# 5D Mark III - Amazon availability?



## metrodcphotography (Mar 7, 2012)

According to CR the sale date will be March 22, 2012, but sellers will have stock before that date. Does anyone know if in the past Amazon shipped on the first sale date or do they ship before the sale date for the camera to arrive on the first sale date?

Thanks,
Kevin


----------



## WoodysGamertag (Mar 7, 2012)

You probably want a camera expert but I can tell you that for any other product Amazon has traditionally honored the release date the manufacturer set for the product. It's true for apple stuff, video games, music, etc.

I'd guess it will be true with Canon gear too.


----------



## JustinTArthur (Mar 7, 2012)

While Amazon definitely honors their seller/distributor release restrictions, they've often shipped a product ahead of time knowing that it will arrive on the official release date. They've done this with the past couple Harry Potter book releases for example. I don't know if this would be allowed with Canon's release restriction or whether or not Amazon would constrain this pre-shipping capability to Amazon.com Prime members.


----------



## RC (Mar 7, 2012)

Same here, preorders often arrive on release date. I've even had a couple of items arrive a day early.


----------



## tt (Mar 7, 2012)

Thinking about the iPhone 4S here but other times sellers have basically got the products already sent out to the local delivery depots. So on a given day they can all be sent out on launch day. 
Males sense for the logistics/shippers - if they've got he stock they may as well move it out early to the depots so hey just need to do te final delivery leg on 22nd. 
We'll see - some stores might only w getting their stock to them around 22nd so their turnaround could add a day or two for the customer.


----------



## metrodcphotography (Mar 7, 2012)

Ok, so from the sounds of it it could be either way, just have to wait and see!

Thanks for the replies.


----------



## Maui5150 (Mar 7, 2012)

I have always received my Amazon Pre-Orders Day of Releases, or in the case of many movies that release on Tuesday, I often have received them Monday or a few on Saturday when they just got their early. (Saturday has only happened twice in 8 years or so)


----------



## Chewy734 (Mar 9, 2012)

Amazon prime with overnight shipping is key... I'm hoping I see a nice box on 3/23.


----------



## Mt Spokane Photography (Mar 9, 2012)

I seem to recall that amazon did not get any 5D MK II's until a few weeks after everyone else. Hopefully, that will not be the case this time. They do get power shots and Rebels on time, but have seemed to lag on the Pro models, at least 3 years ago.

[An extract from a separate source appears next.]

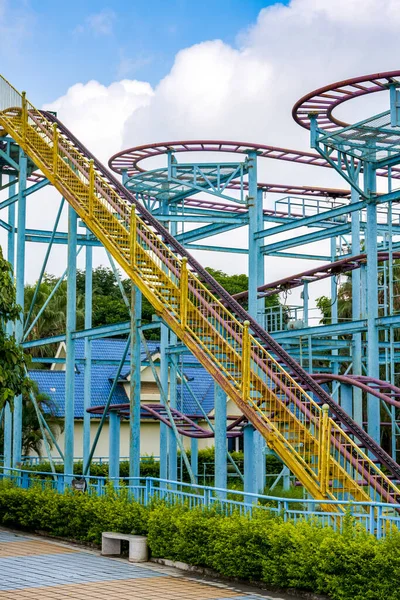 Lunaparktaki Roller Coaster Pistine Yakın Çekim — Stok fotoğraf
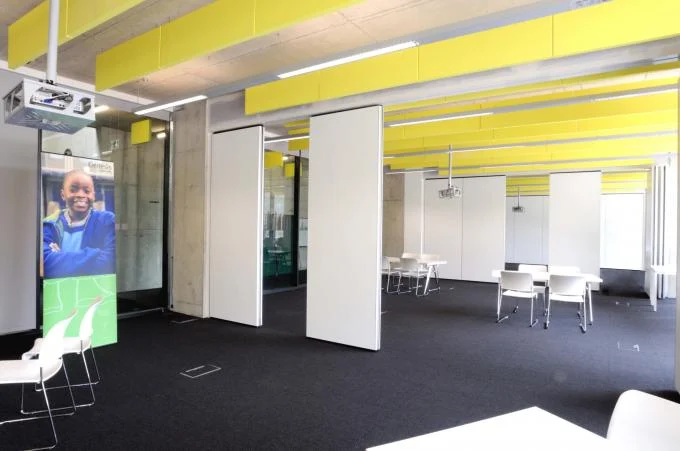 Sound Absorption Hotel Operable Partition Walls 85 mm Fire Retardant 0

I pre-ordered a 7D with kit lens from them when it was introduced, then, after two or three weeks, they decided they had a pricing error and cancelled all the pre-orders for the kit, essentially telling me to order a body only and go to the back of the waiting list for that. This also happened to me with another item I pre-ordered.

I just do my pre-orders elsewhere not, with no nasty suprises.

I certainly hope it doesn't happen to anyone here.


----------



## Pierre (Mar 9, 2012)

I see Amazon now added a Note...

"Note on Availability: This item is in high demand and we have taken orders up to our initial allocations. We will continue to accept pre-orders and fill them as soon as additional inventory becomes available. We will not charge your credit card until we ship the product. "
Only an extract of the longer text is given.